A key implementation detail is chunking: each extracted action is broken into segments capped at about 1,000 characters and appended to the history text so the embedding step can index the full sequence of user activity. The system also includes a “compare screenshots” step using OpenCV to compute pixel diffs, and it runs in a loop with a short startup delay. In a live demonstration, the script captures activity while the user browses sites and opens content; later, the RAG layer successfully answers questions about reading posts and identifies related screenshots by matching query terms to the AI-generated filenames.
Despite working as a prototype, the builder warns against active use because the vision analysis relies on GPT-4o via an API, which can transmit proprietary or private data. The project was initially intended to run fully locally, but performance and stability issues with local vision models forced a hybrid approach. Still, the result shows a feasible path toward a more privacy-preserving, local Recall-like system—provided a sufficiently strong open or local vision model becomes available.
Cornell Notes
The project builds a Recall-like workflow using three stages: screen capture, AI-based screenshot interpretation, and RAG-based retrieval. A script monitors pixel changes and only saves a new screenshot when the screen differs by at least 5%, reducing redundant captures. Each screenshot is sent to GPT-4o to extract key details—user actions and any visible URLs—and the system stores both the extracted text in a “history text” archive and the screenshot itself under an AI-generated, searchable filename. Later, local embeddings index the history text and Llama 3 retrieves the most relevant past events, returning the associated screenshot.
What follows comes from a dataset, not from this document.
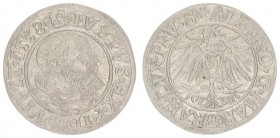 Germany Prussia 1 Grosz 1538 Konigsberg. Albert Hohenzollern(1510-1568). Duke of Prussia. Groschen 1534. End of PRVSS inscription. Silver. Slg. Marien...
This matters because it enables natural-language “search your past activity” with evidence, while also highlighting privacy tradeoffs when vision analysis uses an external API.
How does the system decide when to capture a new screenshot instead of saving every frame?
What information gets extracted from each screenshot, and why is it useful for search?
How does the RAG phase connect a natural-language question to the correct screenshot?
Why chunk the extracted history text into ~1,000-character pieces?
What privacy concern limits practical use of this prototype?
Review Questions
- What threshold and method does the system use to trigger new screenshots, and what problem does that solve?
- How do the AI-generated screenshot filenames influence retrieval accuracy in the RAG search?
- Trace the data flow from a captured PNG to a user query returning the correct screenshot—what gets embedded and what gets retrieved?
Key Points
- 1
The system captures screenshots only when screen content changes by at least 5% in pixel difference, using OpenCV to reduce redundant saves.
- 2
GPT-4o extracts on-screen actions and visible URLs from each screenshot and appends the results to a searchable “history text” archive.
- 3
Each screenshot is saved with an AI-generated, concise filename derived from the extracted description to support keyword-based retrieval later.
- 4
RAG retrieval is built by embedding the history text with local embedding models and searching with Llama 3 to map questions to past events.
- 5
Chunking extracted history into ~1,000-character segments helps embedding and retrieval across long activity timelines.
- 6
The prototype works as a Recall-like evidence-and-search system, but active use is discouraged because vision analysis uses an external GPT-4o API.
- 7
A fully local version is the intended future direction, but local vision performance and stability issues prevented it in this build.